--- Aim of the exercise ---
Could you repeat the entries below exactly, but only from the line with "The second step" through the line with "With Celestron's TravelScope, it's", and without any picture?

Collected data
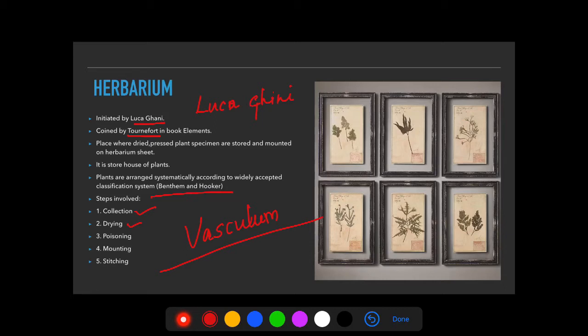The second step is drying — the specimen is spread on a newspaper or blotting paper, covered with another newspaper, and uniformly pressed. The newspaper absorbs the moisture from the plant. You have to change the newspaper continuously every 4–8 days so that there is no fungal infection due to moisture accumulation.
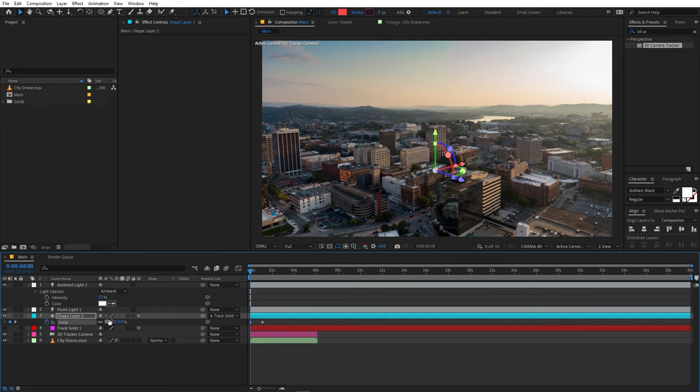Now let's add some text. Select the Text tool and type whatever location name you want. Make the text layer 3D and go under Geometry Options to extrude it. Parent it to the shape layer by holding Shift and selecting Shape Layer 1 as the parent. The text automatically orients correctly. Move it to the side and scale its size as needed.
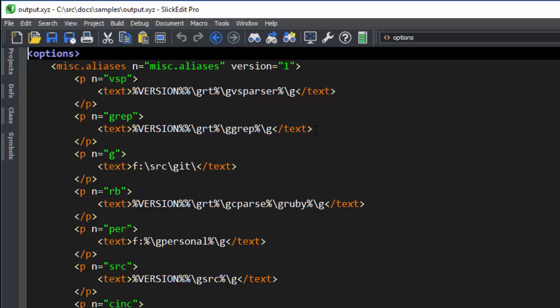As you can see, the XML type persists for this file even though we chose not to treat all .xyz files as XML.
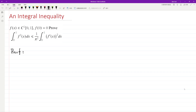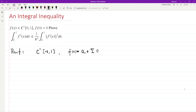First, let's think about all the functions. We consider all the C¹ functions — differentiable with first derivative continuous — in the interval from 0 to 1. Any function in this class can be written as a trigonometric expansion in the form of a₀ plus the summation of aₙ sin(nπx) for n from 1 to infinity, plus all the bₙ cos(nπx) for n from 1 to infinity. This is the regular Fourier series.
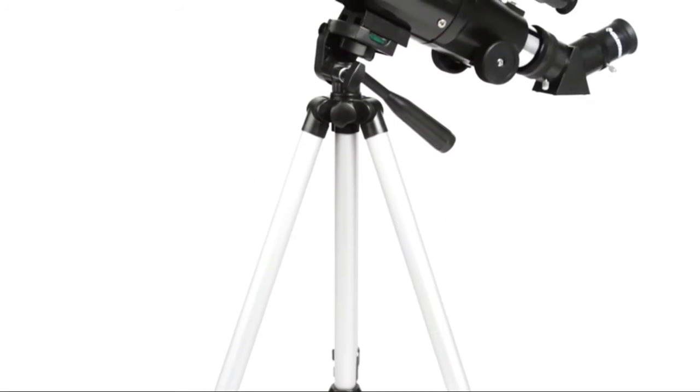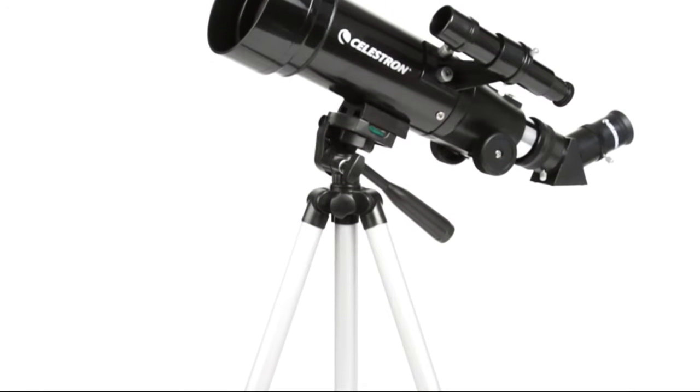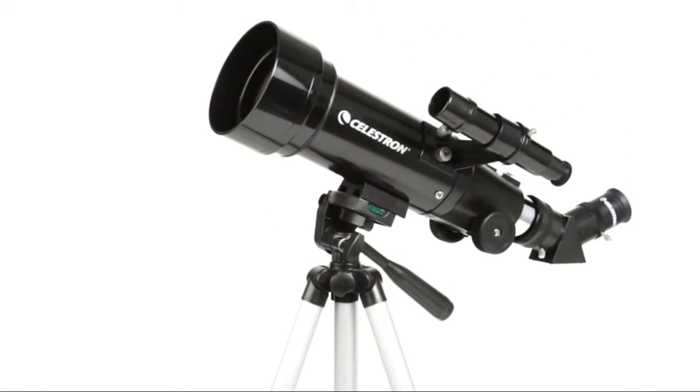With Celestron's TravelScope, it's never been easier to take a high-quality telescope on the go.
...
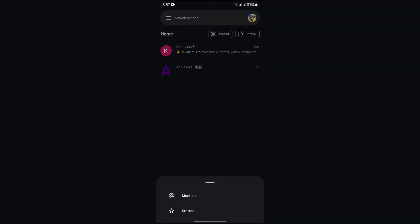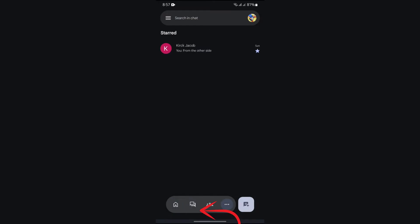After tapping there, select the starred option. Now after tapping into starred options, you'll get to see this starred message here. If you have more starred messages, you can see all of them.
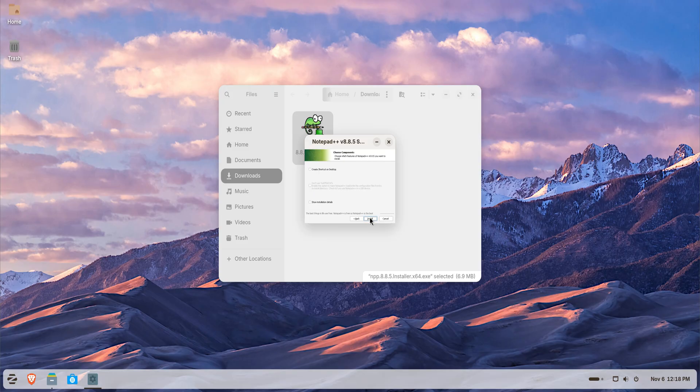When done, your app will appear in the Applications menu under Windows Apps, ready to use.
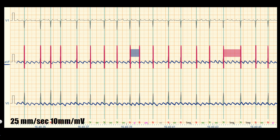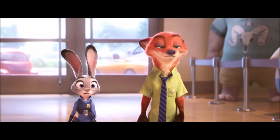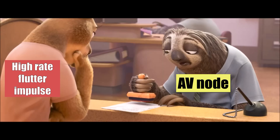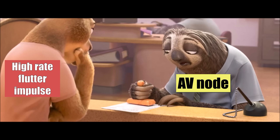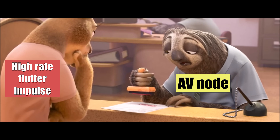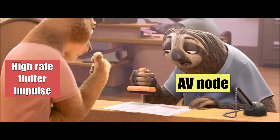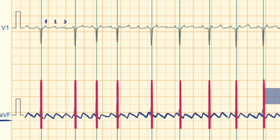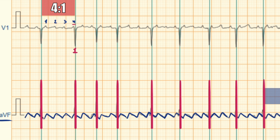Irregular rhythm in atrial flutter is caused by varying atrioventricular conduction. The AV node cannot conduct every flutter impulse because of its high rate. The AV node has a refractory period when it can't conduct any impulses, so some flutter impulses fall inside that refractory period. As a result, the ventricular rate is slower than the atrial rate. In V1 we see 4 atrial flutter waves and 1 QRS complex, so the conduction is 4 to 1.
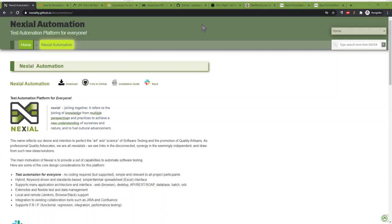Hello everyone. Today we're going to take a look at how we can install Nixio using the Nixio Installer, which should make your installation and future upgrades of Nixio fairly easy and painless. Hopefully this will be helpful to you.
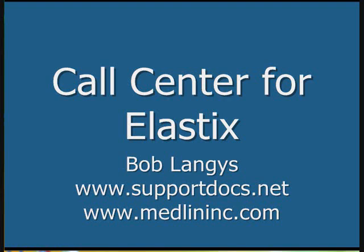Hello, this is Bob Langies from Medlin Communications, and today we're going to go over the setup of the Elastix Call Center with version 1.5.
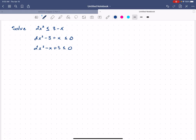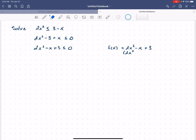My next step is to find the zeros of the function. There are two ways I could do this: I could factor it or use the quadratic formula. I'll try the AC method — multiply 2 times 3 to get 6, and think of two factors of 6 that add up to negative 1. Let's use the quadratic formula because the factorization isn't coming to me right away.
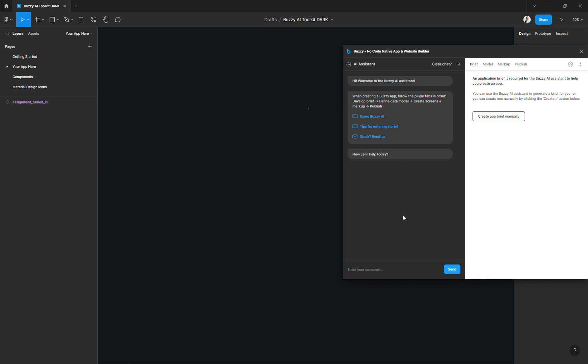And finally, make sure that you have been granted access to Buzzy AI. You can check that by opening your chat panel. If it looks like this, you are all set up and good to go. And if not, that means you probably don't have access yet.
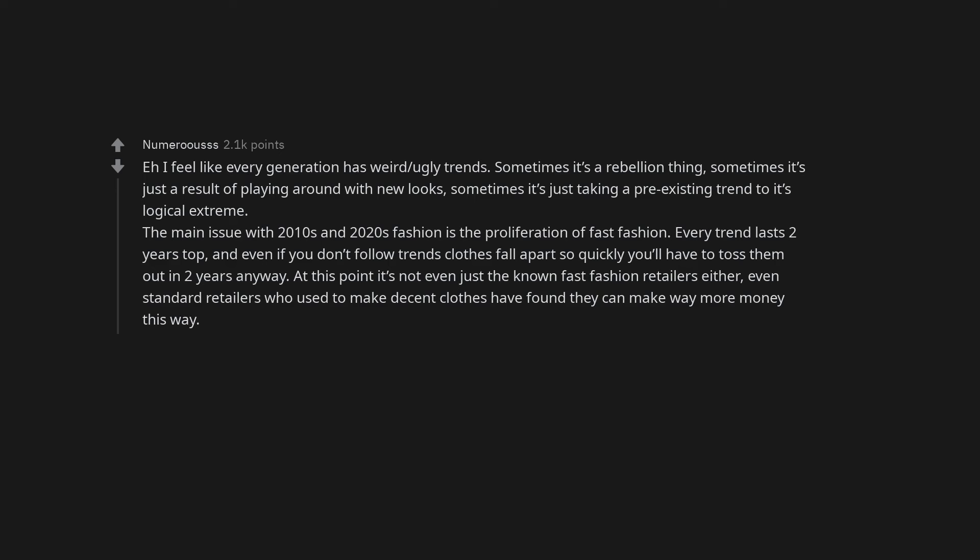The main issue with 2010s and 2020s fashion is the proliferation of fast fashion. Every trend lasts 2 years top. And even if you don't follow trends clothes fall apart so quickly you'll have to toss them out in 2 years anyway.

--- Output for this exercise ---
The second step is drying — the specimen is spread on a newspaper or blotting paper, covered with another newspaper, and uniformly pressed. The newspaper absorbs the moisture from the plant. You have to change the newspaper continuously every 4–8 days so that there is no fungal infection due to moisture accumulation.
Now let's add some text. Select the Text tool and type whatever location name you want. Make the text layer 3D and go under Geometry Options to extrude it. Parent it to the shape layer by holding Shift and selecting Shape Layer 1 as the parent. The text automatically orients correctly. Move it to the side and scale its size as needed.
As you can see, the XML type persists for this file even though we chose not to treat all .xyz files as XML.
First, let's think about all the functions. We consider all the C¹ functions — differentiable with first derivative continuous — in the interval from 0 to 1. Any function in this class can be written as a trigonometric expansion in the form of a₀ plus the summation of aₙ sin(nπx) for n from 1 to infinity, plus all the bₙ cos(nπx) for n from 1 to infinity. This is the regular Fourier series.
With Celestron's TravelScope, it's never been easier to take a high-quality telescope on the go.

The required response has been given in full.